Dr Julian Tang, Honorary Associate Professor/Clinical Virologist, University of Leicester, said:

“Again, I’m still not yet very convinced by these results.

“Clinical teams know that the coldest winter temperatures occurring in Jan/Feb can exacerbate all the comorbidities that predispose to more severe outcomes of COVID-19 – like chronic heart, lung, renal, neurological diseases – including diabetes, hypertension (stressing the heart).

“So without the careful matching of comorbidities in the VOC and non-VOC arms, these differential clinical severity model outcomes are still questionable.

“We really need to revisit this in Spring to account for the cold weather factor – and there are also other seasonal variables related to shorter daylight hours, such as melatonin levels that may impact differentially on VOC vs. non-VOC clinical outcomes – related to host immune responses.

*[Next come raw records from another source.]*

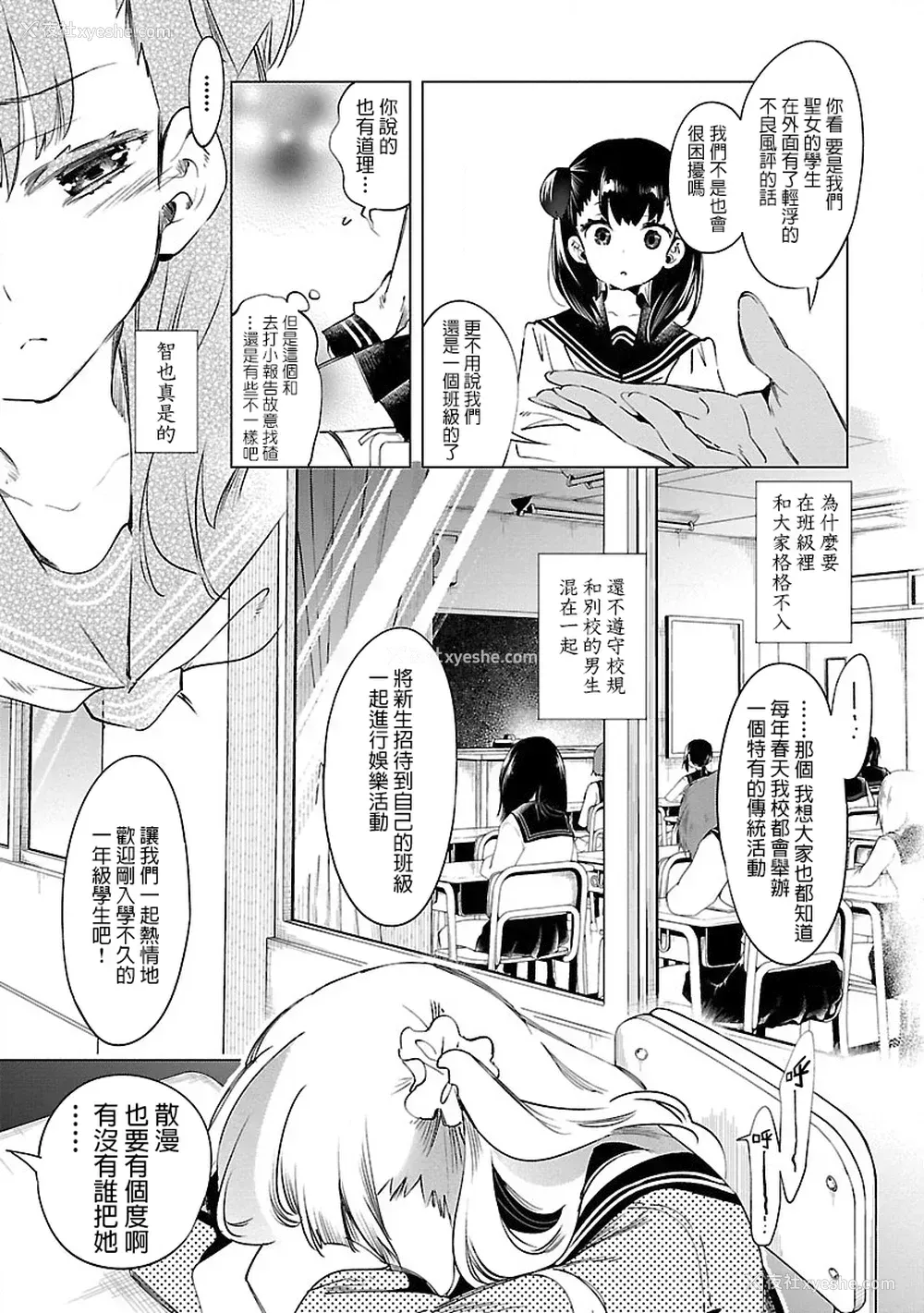 146P - [守月史贵] 神さまの怨结び 第8巻
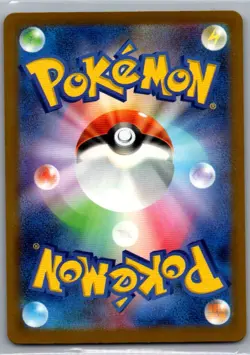 Team Rocket's Mewtwo ex - 063/193 Japanese MEGA Dream ex - Pokemon Card - NM - Image 2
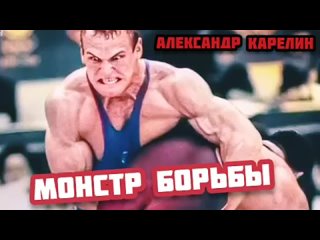 Монстр борьбы из Сибири/Александр Карелин 🤼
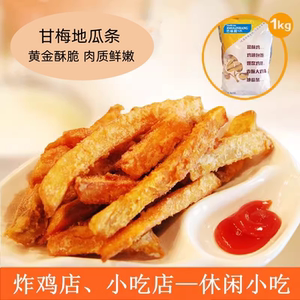 甘梅地瓜条冷冻半成品原料粗薯条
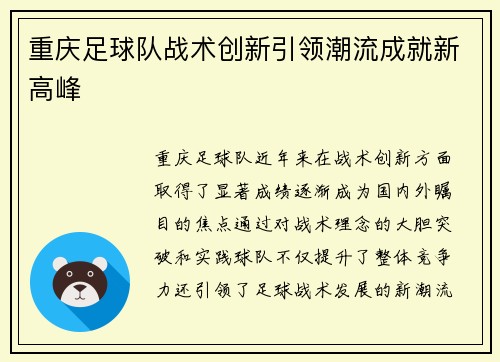重庆足球队战术创新引领潮流成就新高峰
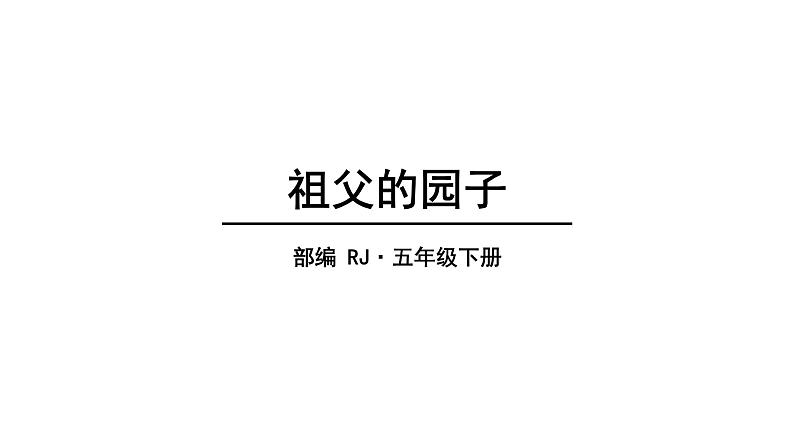 22022人教语文5年级下册课件.祖父的园子教学课件第1页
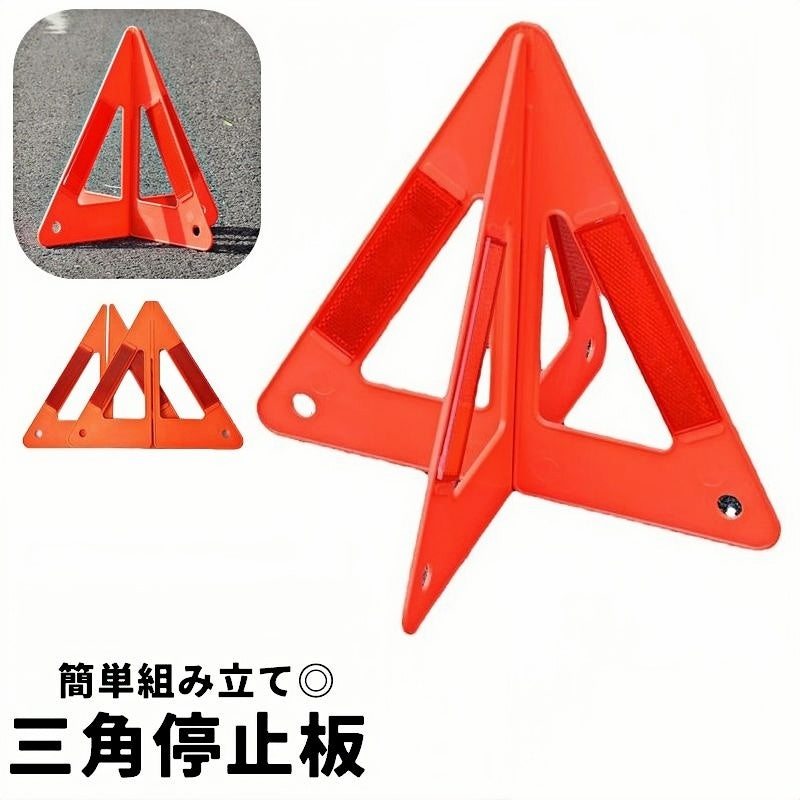 三角停止板 三角表示板 デルタサイン 停止表示板 反射警告 反射板 警告フレーム 組み立て式 カー用品 車用品 緊急用 セーフティ 安全対策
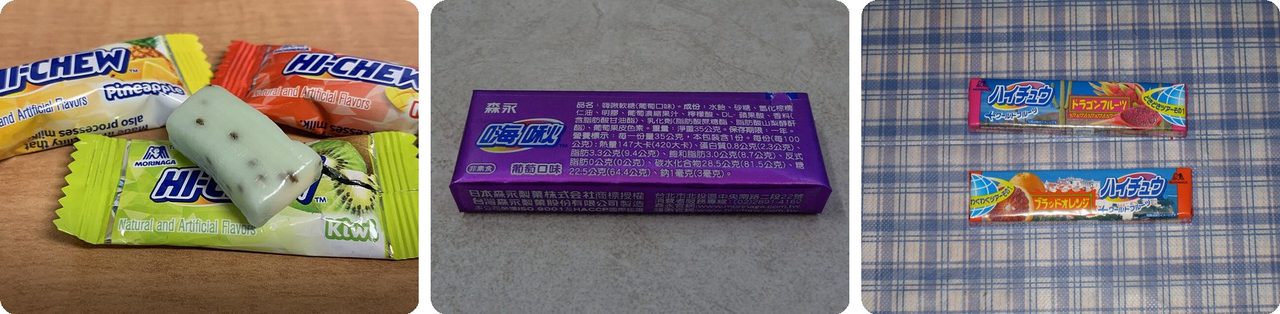 Hi-Chew candies and packs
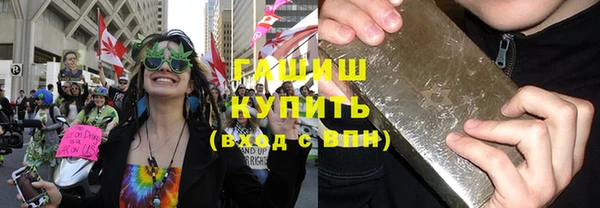 jwh Гусев
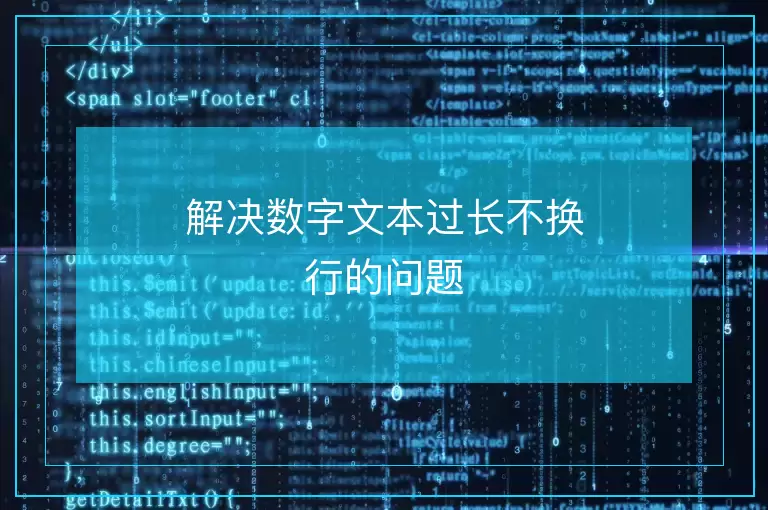 解决数字文本过长不换行的问题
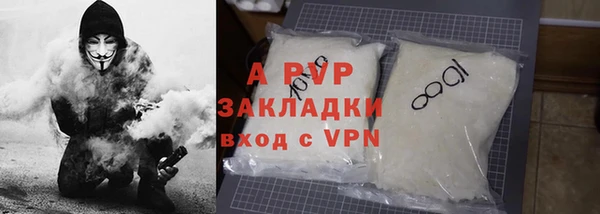 мяу мяу мука Бердск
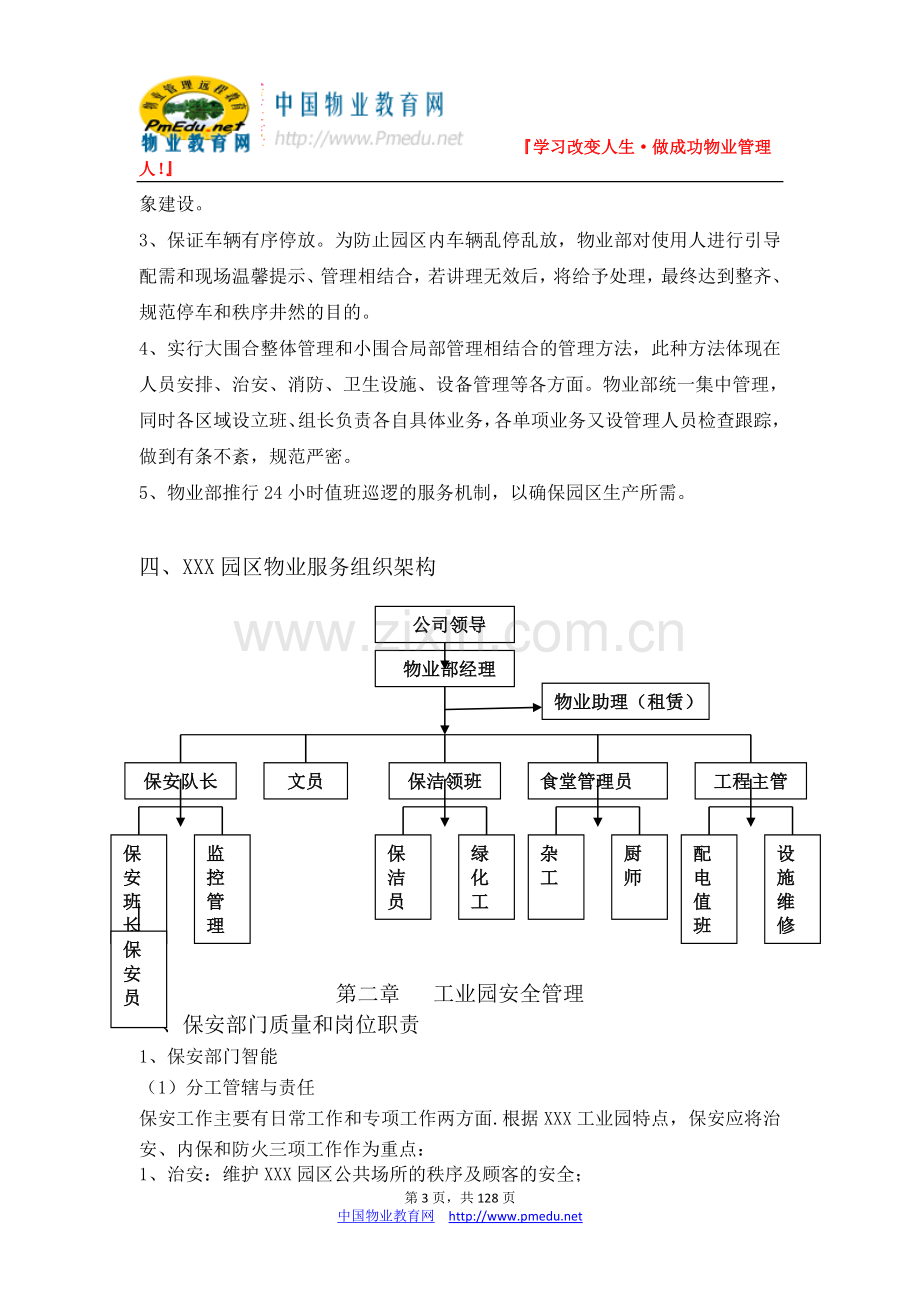 工业园物业管理方案.doc_第3页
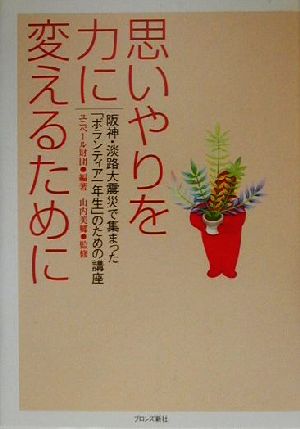 思いやりを力に変えるために 阪神・淡路大震災で集まった「ボランティア一年生」のための講座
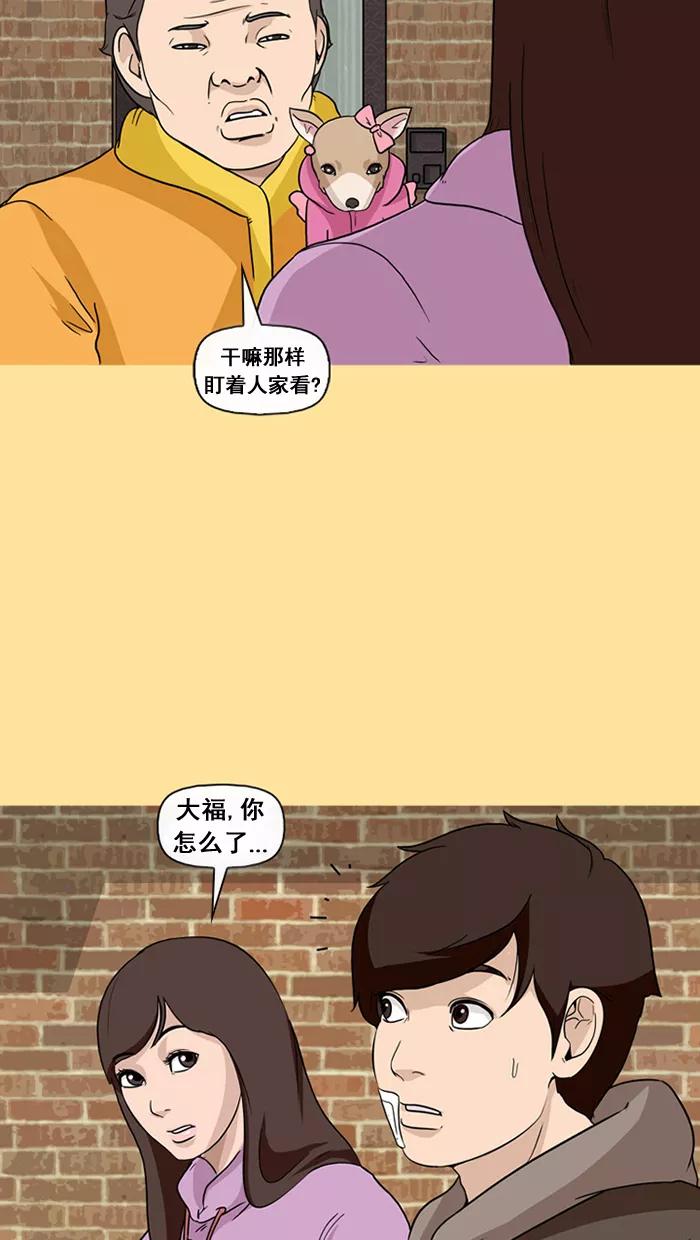 《中头奖》第34话 第65页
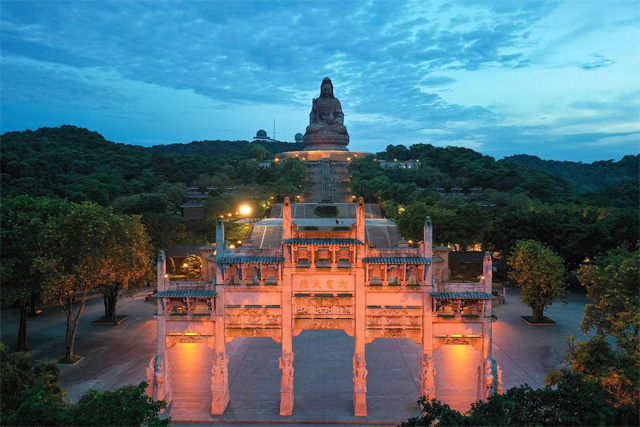 Xiqiao Mountain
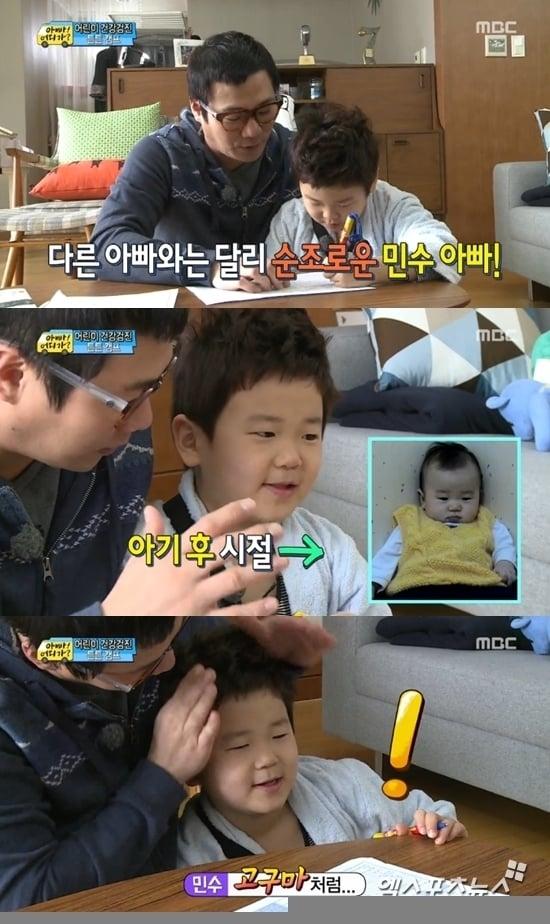 본문 이미지 - MBC '일밤-아빠 어디가 시즌2'© News1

“Also, there is another possible confounder within the last few months which may impact on the VOC/non-VOC unequally, I.e. the winter timing of this 3rd lockdown – which adds to various stress factors due to lack of exercise, increased consumption of junk food, stresses related to home schooling, increased and prolonged economic stress, ongoing lack of attendance for other healthcare problems, etc. which may impact on various host immune responses to these viruses.

“But at the end of the day, we just deal with all such cases as and when they present to the NHS – so this type of analysis does not really impact on that.”